§ **Exercise goal**: A faithful copy of the listing below is needed, one that contains no pictures.

§ **Data records**:
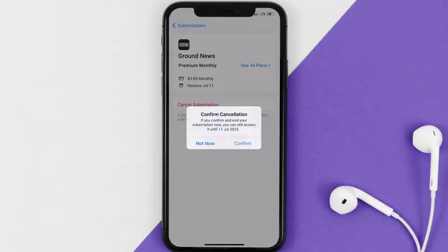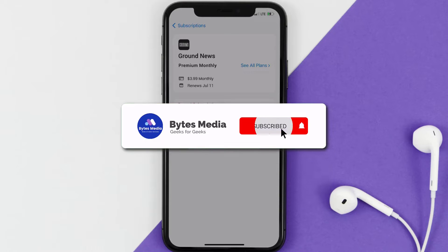The great thing is you can carry on using the app until the subscription date was originally due. Also, deleting the Ground News app or your Ground News account will not cancel your subscription, and subscriptions renew automatically unless you cancel your subscription manually on your own.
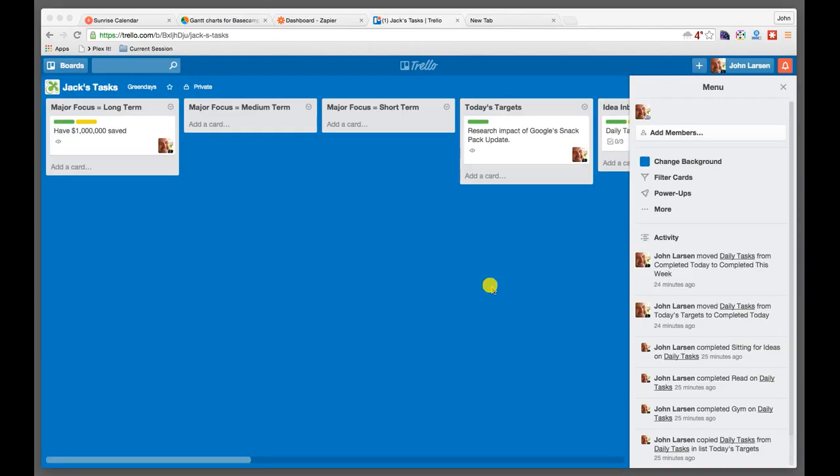Hey there, John Larson here on behalf of Green Days Group. I want to welcome you to what should be the final video in this series regarding Trello and how to begin to use Trello as not only a project management tool.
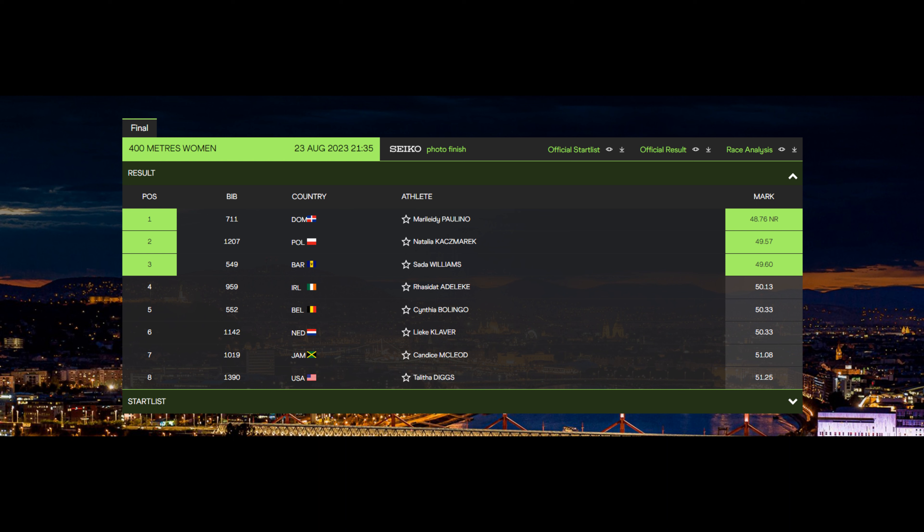The way she was running, at least getting fourth, I really believe getting in fourth was very possible for her. And also maybe beating Sada Williams - I think she could have ran under 49.6 today. She ran so fast to start. This is the fastest start I've ever seen from Lieke Klaver. And just to see the way this went... her reaction time was 0.145 as well.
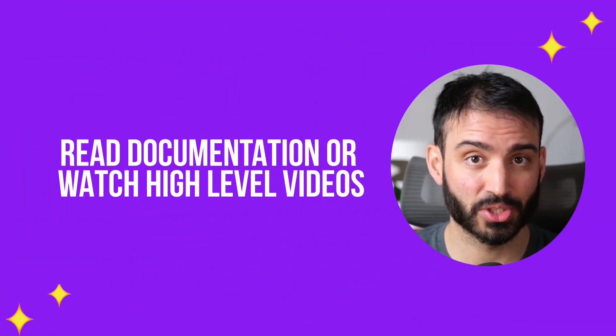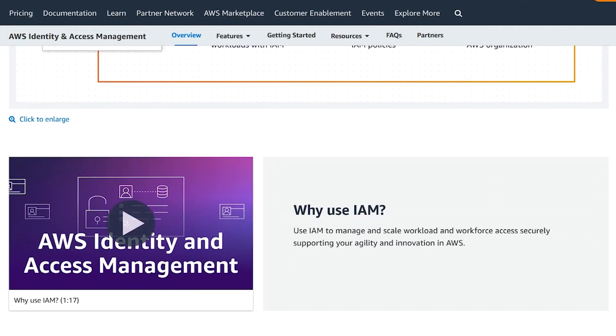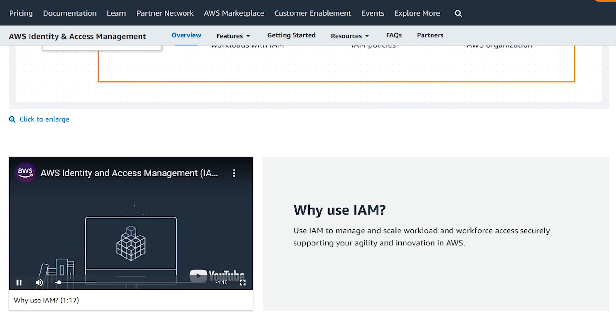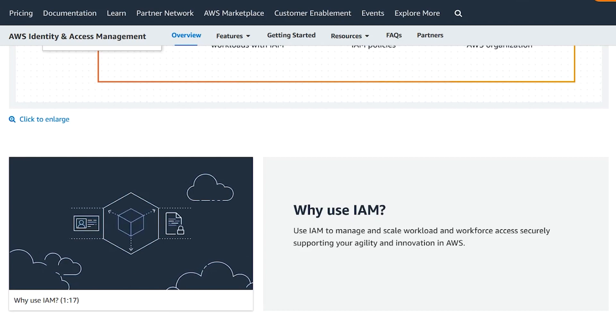Once you understand the domain, your next step is to watch or read some high-level documentation or high-level videos. What I personally like to do is go to the AWS service homepages — there are typically short, high-quality videos that AWS produces giving a high overview of what the service is all about. These are usually two to three minutes long, no more than five minutes, and they are high production value. What these do, at least for me, is give high-level context on the core ideas and core concepts you're working with.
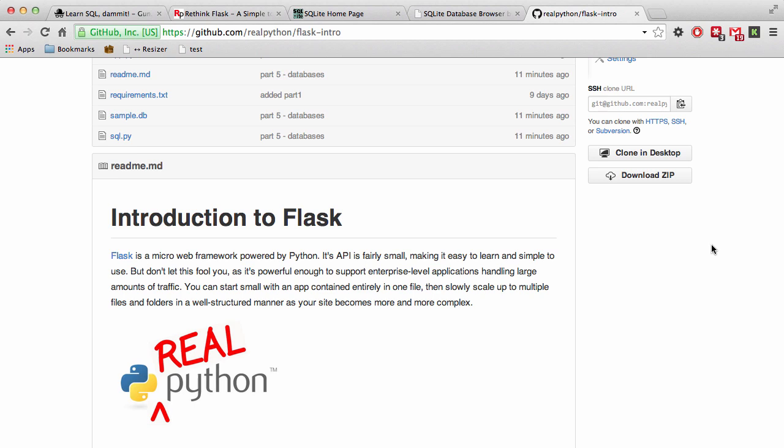In this video, I'll be showing you the basics of working with SQLite, which is a lightweight relational database. It's great for your development environment because it requires no setup or configuration. Just plug it in and go.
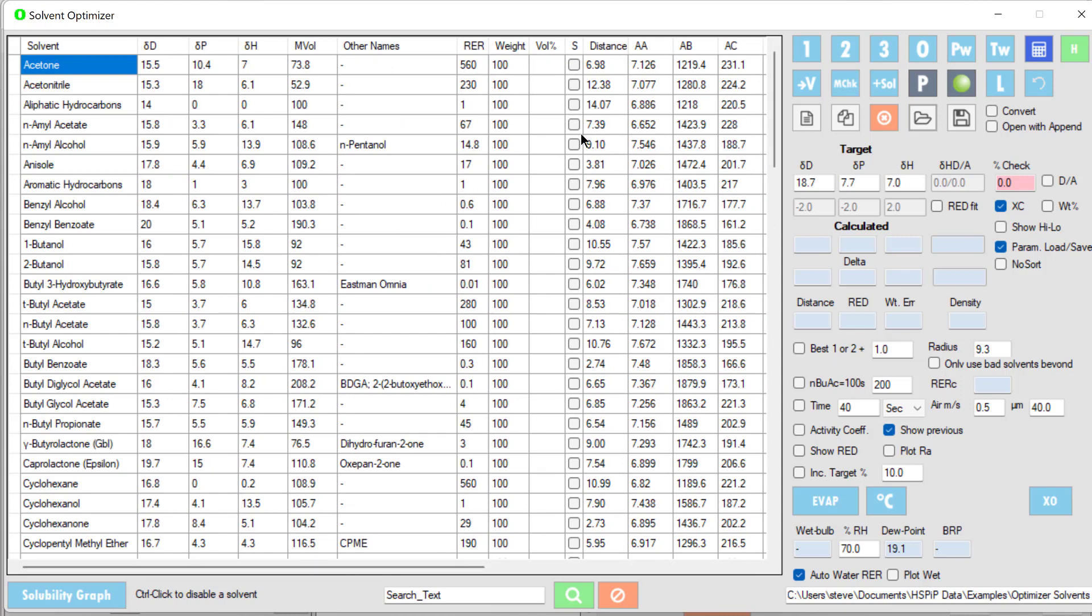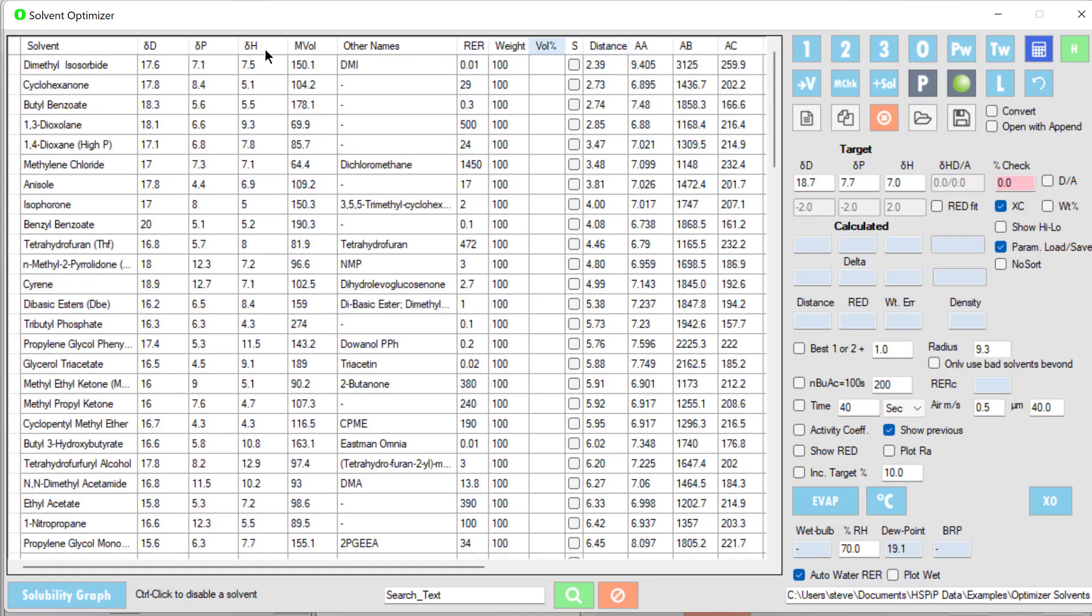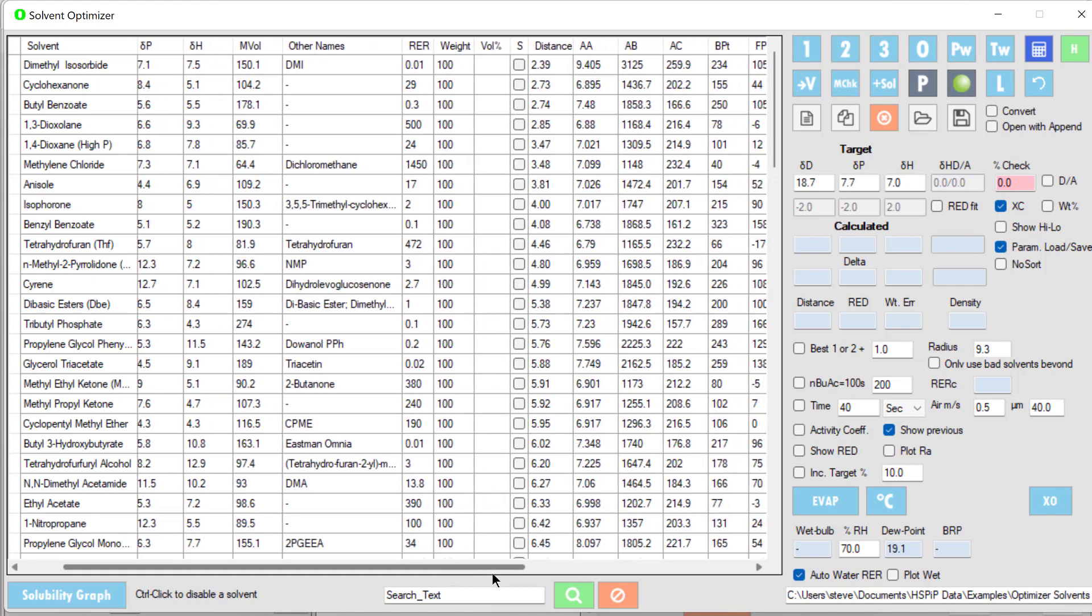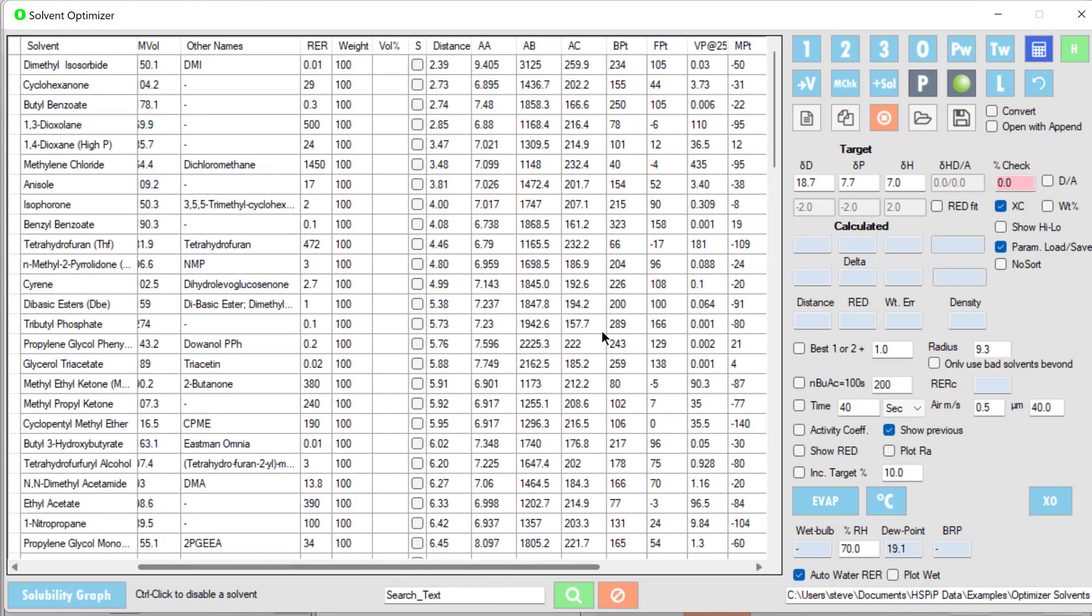We know that a short distance is good, so let's sort by distance. We find that dimethyl isosorbide, a green solvent, is very close but its relative evaporation rate is very low. Cyclohexanone is not bad, quite a good balance and not very toxic. Butyl benzoate is quite green but not very volatile, and dioxylane has a very high RER and very low flash point of minus six, so we probably can't use that.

§ **Reply to the exercise**:
The great thing is you can carry on using the app until the subscription date was originally due. Also, deleting the Ground News app or your Ground News account will not cancel your subscription, and subscriptions renew automatically unless you cancel your subscription manually on your own.
Hey there, John Larson here on behalf of Green Days Group. I want to welcome you to what should be the final video in this series regarding Trello and how to begin to use Trello as not only a project management tool.
The way she was running, at least getting fourth, I really believe getting in fourth was very possible for her. And also maybe beating Sada Williams - I think she could have ran under 49.6 today. She ran so fast to start. This is the fastest start I've ever seen from Lieke Klaver. And just to see the way this went... her reaction time was 0.145 as well.
Once you understand the domain, your next step is to watch or read some high-level documentation or high-level videos. What I personally like to do is go to the AWS service homepages — there are typically short, high-quality videos that AWS produces giving a high overview of what the service is all about. These are usually two to three minutes long, no more than five minutes, and they are high production value. What these do, at least for me, is give high-level context on the core ideas and core concepts you're working with.
In this video, I'll be showing you the basics of working with SQLite, which is a lightweight relational database. It's great for your development environment because it requires no setup or configuration. Just plug it in and go.
We know that a short distance is good, so let's sort by distance. We find that dimethyl isosorbide, a green solvent, is very close but its relative evaporation rate is very low. Cyclohexanone is not bad, quite a good balance and not very toxic. Butyl benzoate is quite green but not very volatile, and dioxylane has a very high RER and very low flash point of minus six, so we probably can't use that.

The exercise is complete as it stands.